Please write out every entry below exactly, leaving out any pictures.

====== RECORDED DATA ======

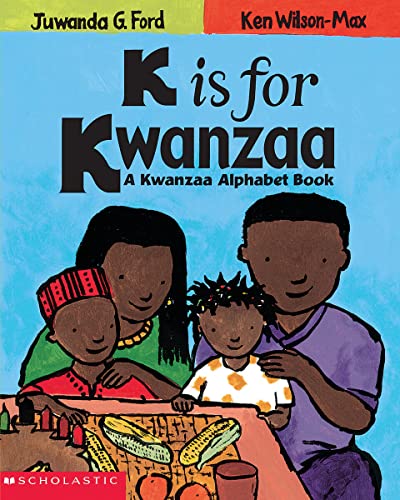 Stock image for K Is For Kwanzaa for sale by Gulf Coast Books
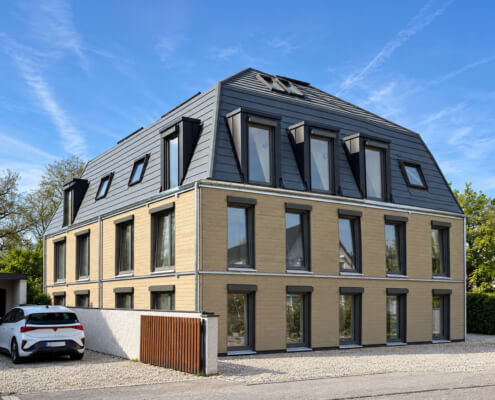 2 Mehrfamilienhäuser in München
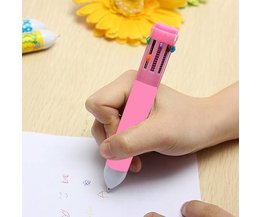 Multicolor Pen 10-In-1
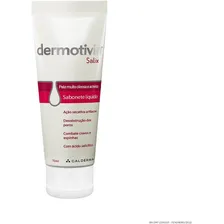 Sabonete Líquido Facial Para Acne Dermotivin Salix 70mL Foto mini 1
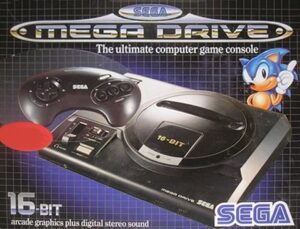 Sega Mega Drive Console, (1 Pad/No Game), Boxed
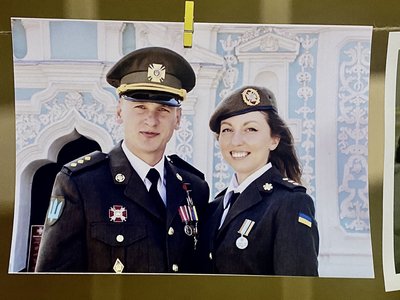 Архівне фото Андрія Верхогляда з дружиною Мариною Архівне фото Андрія Верхогляда з дружиною Мариною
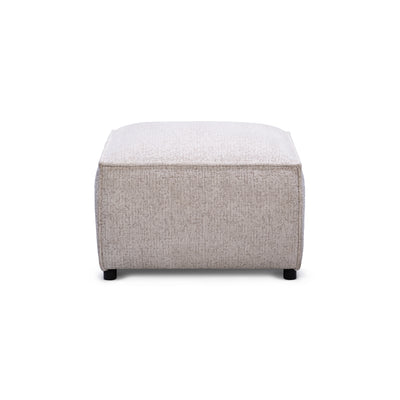 Brick Pouffe 94x40 cm, Modern Style – side view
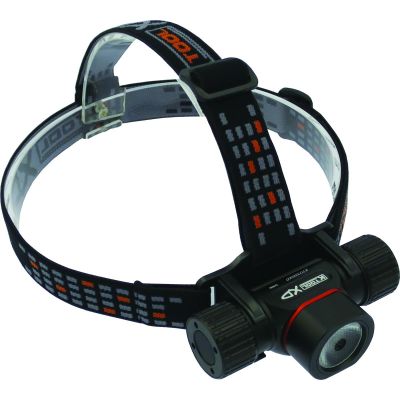 KTI73320XD image(0) - K Tool International Rechargeable 2,000 Lumens Headlamp/Flashlight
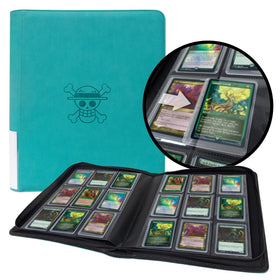WTVIDAS toploader binder holds 288 toploaders securely for organized collections.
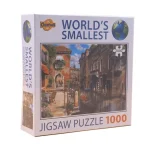 A világ legkisebb kirakósa - Velence csatornái puzzle, 1000 db-os Gyors szállítás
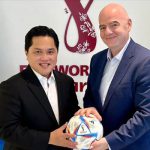 Erick Thohir bertemu Presiden FIFA Membahas Tragedi Kanjuruhan - iMSPORT.TV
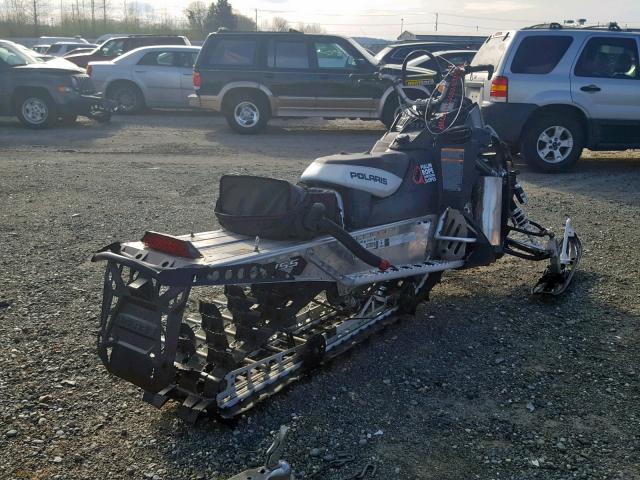 SN1CY8GS8FC526991 - 2015 POLARIS SNOWMOBILE BLACK photo 4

======

* [TASK RESULT]:
 Stock image for K Is For Kwanzaa for sale by Gulf Coast Books
 2 Mehrfamilienhäuser in München
 Multicolor Pen 10-In-1
 Sabonete Líquido Facial Para Acne Dermotivin Salix 70mL Foto mini 1
 Sega Mega Drive Console, (1 Pad/No Game), Boxed
 Архівне фото Андрія Верхогляда з дружиною Мариною Архівне фото Андрія Верхогляда з дружиною Мариною
 Brick Pouffe 94x40 cm, Modern Style – side view
 KTI73320XD image(0) - K Tool International Rechargeable 2,000 Lumens Headlamp/Flashlight
WTVIDAS toploader binder holds 288 toploaders securely for organized collections.
 A világ legkisebb kirakósa - Velence csatornái puzzle, 1000 db-os Gyors szállítás
 Erick Thohir bertemu Presiden FIFA Membahas Tragedi Kanjuruhan - iMSPORT.TV
 SN1CY8GS8FC526991 - 2015 POLARIS SNOWMOBILE BLACK photo 4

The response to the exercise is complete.